A high tech, fast charging friend convinced me to try Amazon. Against my better judgement I signed on, figuring I’d be sending them a box of hot sellers they could pass out faster than candy on Halloween. But no, they wanted me to send one book at a time, priority mail, to their warehouse in Maryland or someplace far far away. I spent about $5 per book for mailing envelope and postage, losing a couple of bucks on each one. This went on for a couple of months, never enough sales apparently, to justify shipping them a full box. I might have continued this brilliant sales strategy right into bankruptcy but one day I noticed Amazon, love these guyz, had used copies of the Skeeter Diaries listed at 1.99 plus shipping. This was great. Me competing against me and the only winner was Amazon. It took me awhile to get out of this crummy cycle, the company not really responsive to any inquiries. In fact, they had no way to make inquiries.

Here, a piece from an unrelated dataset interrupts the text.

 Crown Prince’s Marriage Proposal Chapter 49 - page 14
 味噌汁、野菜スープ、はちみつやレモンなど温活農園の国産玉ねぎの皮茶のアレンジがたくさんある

I finally just kept sending them messages on the sales requests that the book was Out of Print. Which, finally, it was. Sadly, I buy my own book back from them occasionally just to have a few copies around. Cheaper than reprints by far. Bookstores competing against Bezos, like I mentioned at the last Snow Goose reading before they closed shop, are like Godzilla vs Bambi, it won’t be long before they’re toejam. Now I see where they’d like to be my printer too, print on demand. Probably ship them to me, then have me ship them back each sale. Lose even more money on every point of sale.

So I wish I had a tried and true strategy for you prospective artists out there looking for ways to sell your wares, I really do. It was always dog eat dog, but now we got Godzilla too. My only advice is to be like the little furry creatures during the Dinosaur Era, stay low, keep a close eye out, maybe move at night. I know, not much help, but the trick is to survive.